*About this exercise*. Write each line exactly as it stands, from the line containing "SHEIN ثوب الأطفال" through the end of the data.
..............................
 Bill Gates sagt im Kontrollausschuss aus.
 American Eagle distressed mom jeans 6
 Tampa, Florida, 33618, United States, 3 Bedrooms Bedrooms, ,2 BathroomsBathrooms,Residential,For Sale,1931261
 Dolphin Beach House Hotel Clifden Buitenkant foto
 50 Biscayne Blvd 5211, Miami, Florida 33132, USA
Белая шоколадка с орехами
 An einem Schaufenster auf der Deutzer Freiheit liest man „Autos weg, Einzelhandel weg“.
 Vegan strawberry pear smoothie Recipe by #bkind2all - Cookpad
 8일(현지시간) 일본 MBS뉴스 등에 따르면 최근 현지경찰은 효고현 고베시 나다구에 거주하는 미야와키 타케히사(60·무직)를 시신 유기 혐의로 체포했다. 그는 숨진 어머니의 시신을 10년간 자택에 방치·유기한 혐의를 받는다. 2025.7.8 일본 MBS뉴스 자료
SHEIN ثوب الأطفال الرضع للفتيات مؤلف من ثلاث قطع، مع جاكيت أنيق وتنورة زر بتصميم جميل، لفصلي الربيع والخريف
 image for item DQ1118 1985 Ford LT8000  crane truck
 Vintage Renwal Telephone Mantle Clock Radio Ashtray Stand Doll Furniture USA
..............................
*Worked solution*.
SHEIN ثوب الأطفال الرضع للفتيات مؤلف من ثلاث قطع، مع جاكيت أنيق وتنورة زر بتصميم جميل، لفصلي الربيع والخريف
 image for item DQ1118 1985 Ford LT8000  crane truck
 Vintage Renwal Telephone Mantle Clock Radio Ashtray Stand Doll Furniture USA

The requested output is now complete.